Hon. Members will recall that I have campaigned for years to tackle anonymous abuse. I thank Stroud constituents, celebrities and parents who have brought to me sad stories that I have conveyed to the House involving abuse about the deaths of babies and children and about disabled children. That is absolutely awful.
Alongside a smart Stroud constituent and Clean Up The Internet—a fantastic organisation—we have fought and argued for social media users to have the option of being verified online; for them to be able to follow and be followed only by verified accounts, if that is what they want; and, crucially, to make it clear who is and is not verified online. People can still be Princess Unicorn if they want, but at the back end, their address and details can be held, and that will give confidence.
My hon. Friend is making a powerful case. Umberto Eco, the Italian philosopher, described the internet as the empire of imbeciles, and much of social media is indeed imbecilic—but it is much worse than that. My hon. Friend is right that the internet provides a hiding place for the kind of malevolence she has described. Does she agree that the critical thing is for the Government to look again at the responsibility of those who publish this material? If it were written material, the publisher would have a legal liability. That is not true of internet companies. Is that a way forward?

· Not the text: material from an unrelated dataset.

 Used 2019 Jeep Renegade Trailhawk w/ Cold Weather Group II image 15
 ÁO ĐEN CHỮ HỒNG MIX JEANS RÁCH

I am interested in that intervention, but I fear it would lead us into a very long discussion and I want to keep my comments focused on my amendment. However, it would be interesting to hear from the Minister in response to that point, because it is a huge topic for debate.
On the point about whether someone is real or not real online, I believe passionately that not only famous people or those who can afford it should be able to show that they are a real and verified person. I say, “Roll out the blue ticks.”—or the equivalents—and not just to make the social media performs more money; as we have seen, we need it as a safety mechanism and a personal responsibility mechanism.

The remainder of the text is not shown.